**Problem requirements**
When you reach the line with "5YFBPMBE6NP362738 Toyota COROLLA LE", start repeating the lines exactly and keep going to the end of the records, but drop every picture.

***** Supplied material

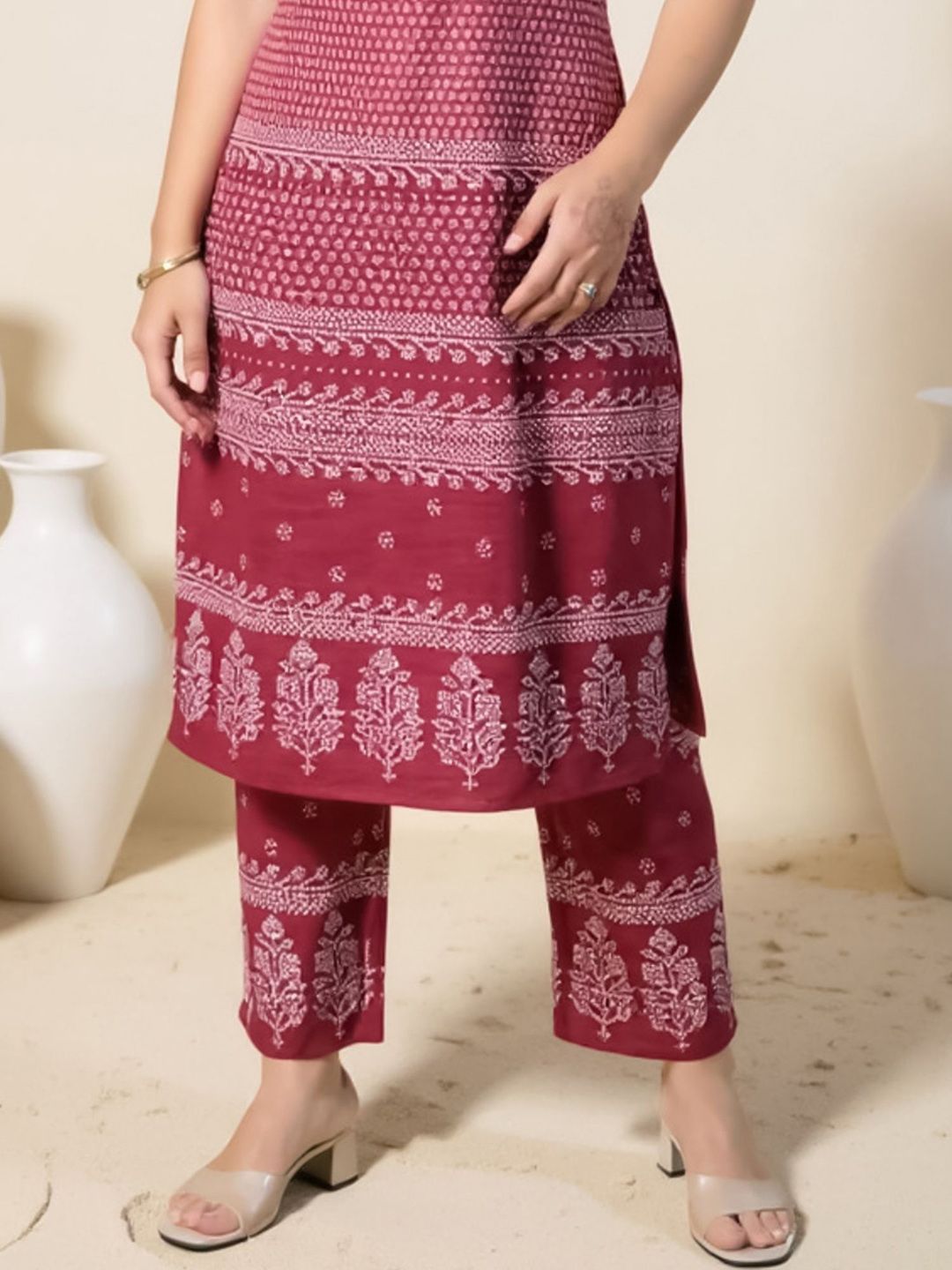 Women Ethnic Motifs Printed Shoulder Straps Pure Cotton Kurta with Trousers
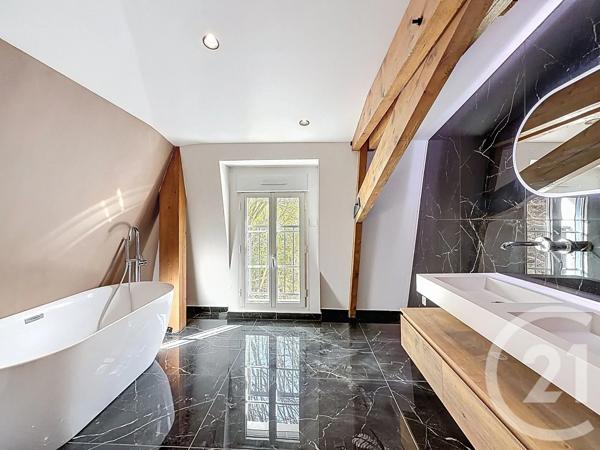 Maison à vendre  8 pièces - 232,13 m 2   ST MAURICE  - 94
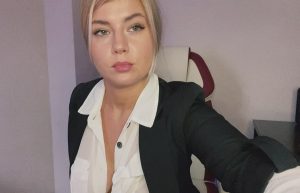 naughty girl boobs reveal at the office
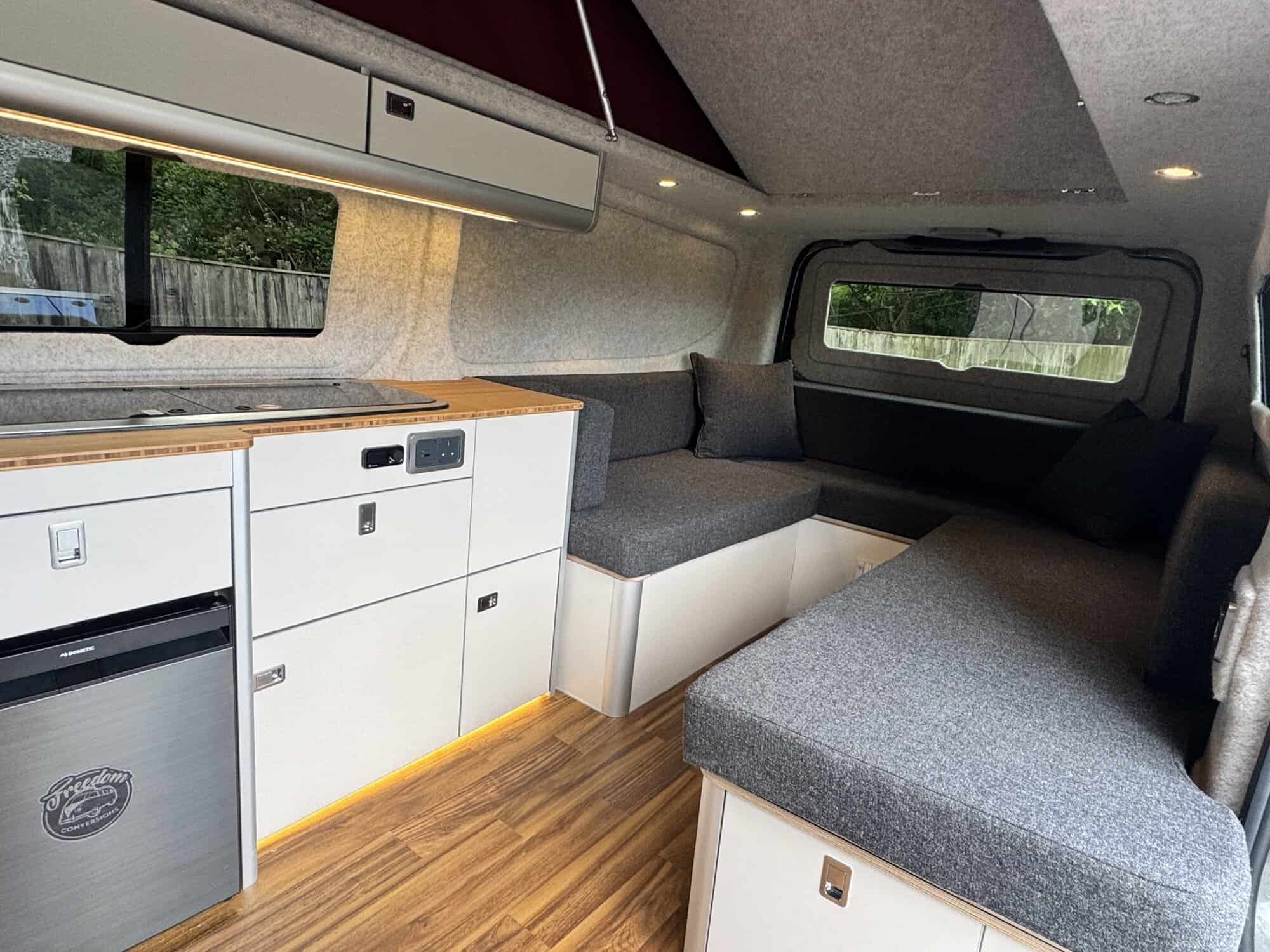 EVO U SHAPE BED SYSTEM (FOLDING) FOR VW T7 FORD - LWB - Image 7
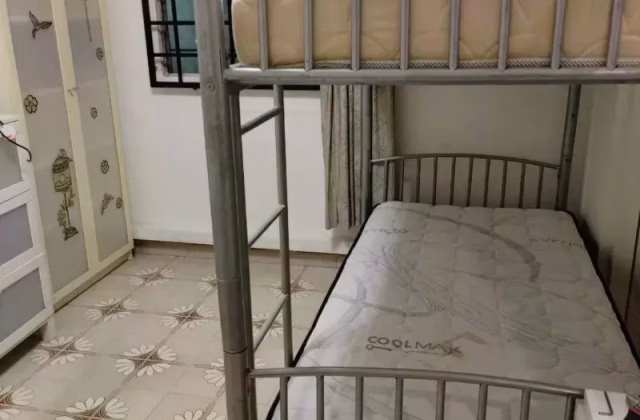 Room Rent • Paya Lebar • 249 Jurong East Street 24 • S$400 • 3-Room (2 BR) • Common Room
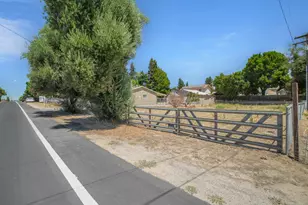 8400 Crane Rd, Oakdale, CA 95361 - Photo 4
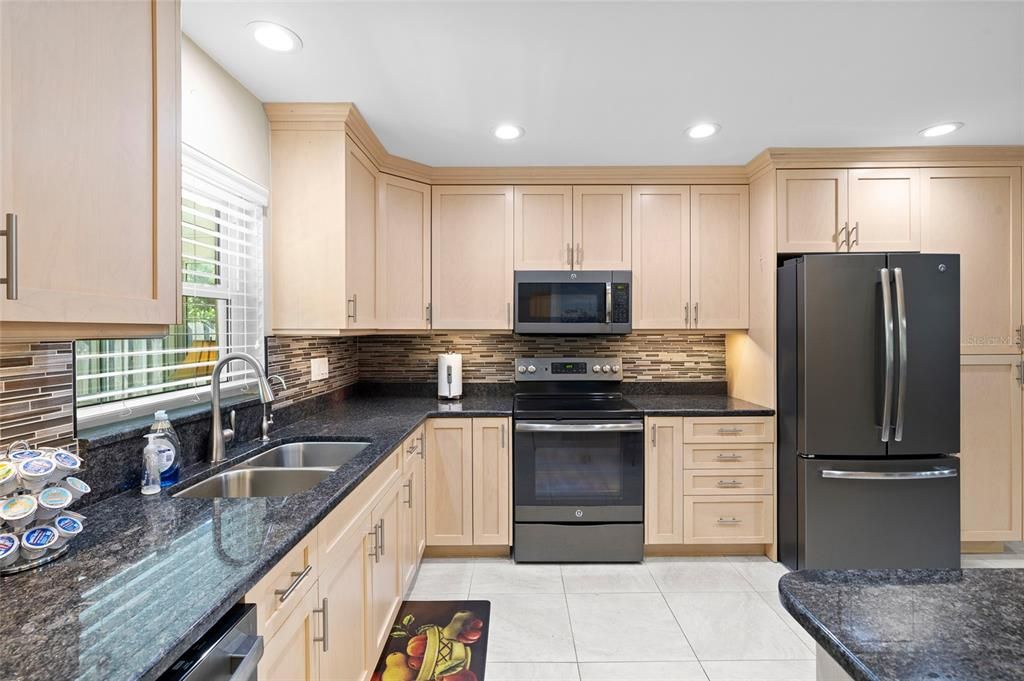 Active With Contract: $439,000 (3 beds, 2 baths, 1656 Square Feet)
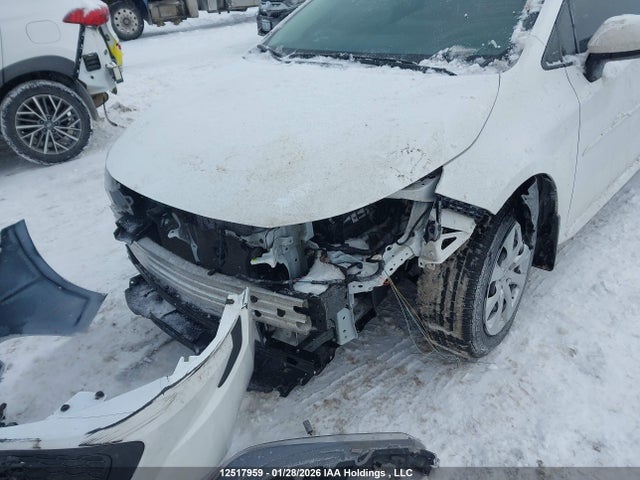 5YFBPMBE6NP362738 Toyota COROLLA LE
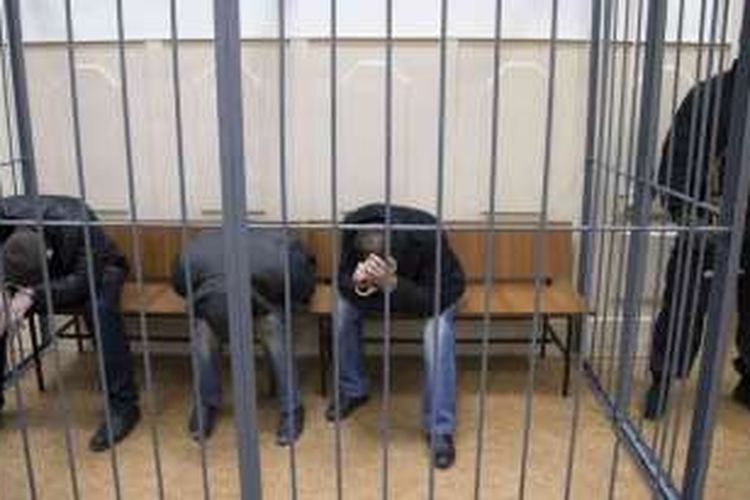 Tiga tersangka kasus pembunuhan diadili di sebuah pengadilan di Moskwa, Rusia (Foto: ilustrasi). Rusia akan kembali memberlakukan kerja paksa sebagai hukuman pidana mulai pada 1 Januari 2017.
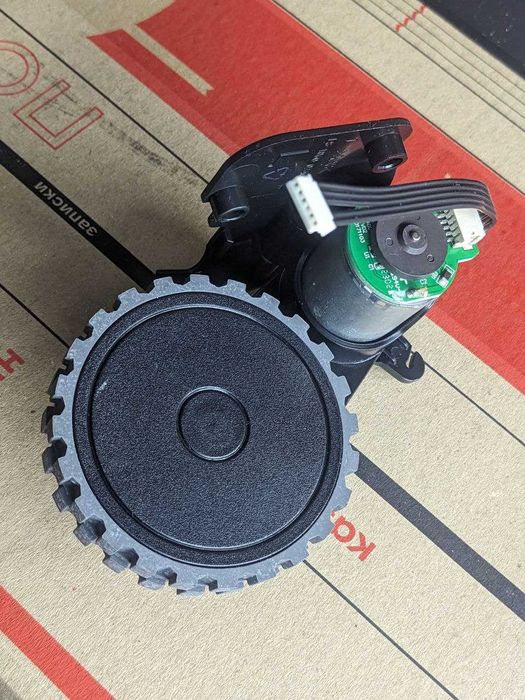 Ліве колесо Xiaomi Mi Robot Roborock S50 S55 S6 Оригінал LS-1060-0240
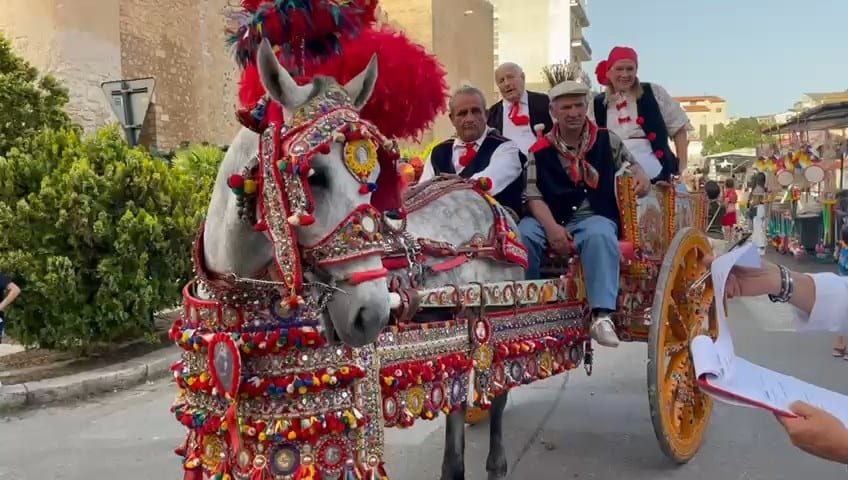 Sfilata di carretti, cavalli, dame e cavalieri ad Alcamo per la festa della Madonna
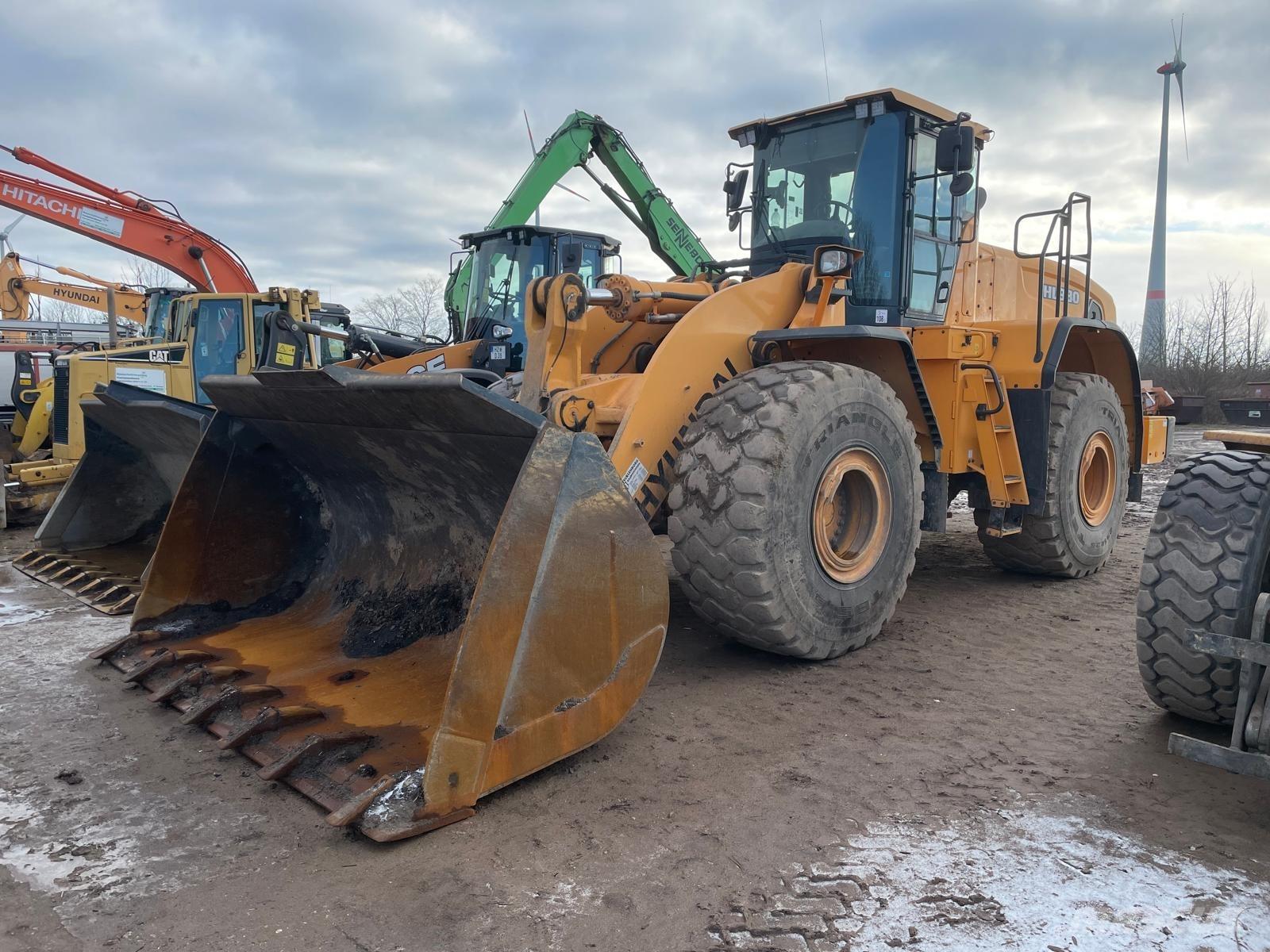Hyundai HL 980 Naudoti ratiniai krautuvai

**********

**Task response**
 5YFBPMBE6NP362738 Toyota COROLLA LE
 Tiga tersangka kasus pembunuhan diadili di sebuah pengadilan di Moskwa, Rusia (Foto: ilustrasi). Rusia akan kembali memberlakukan kerja paksa sebagai hukuman pidana mulai pada 1 Januari 2017.
 Ліве колесо Xiaomi Mi Robot Roborock S50 S55 S6 Оригінал LS-1060-0240
 Sfilata di carretti, cavalli, dame e cavalieri ad Alcamo per la festa della Madonna
Hyundai HL 980 Naudoti ratiniai krautuvai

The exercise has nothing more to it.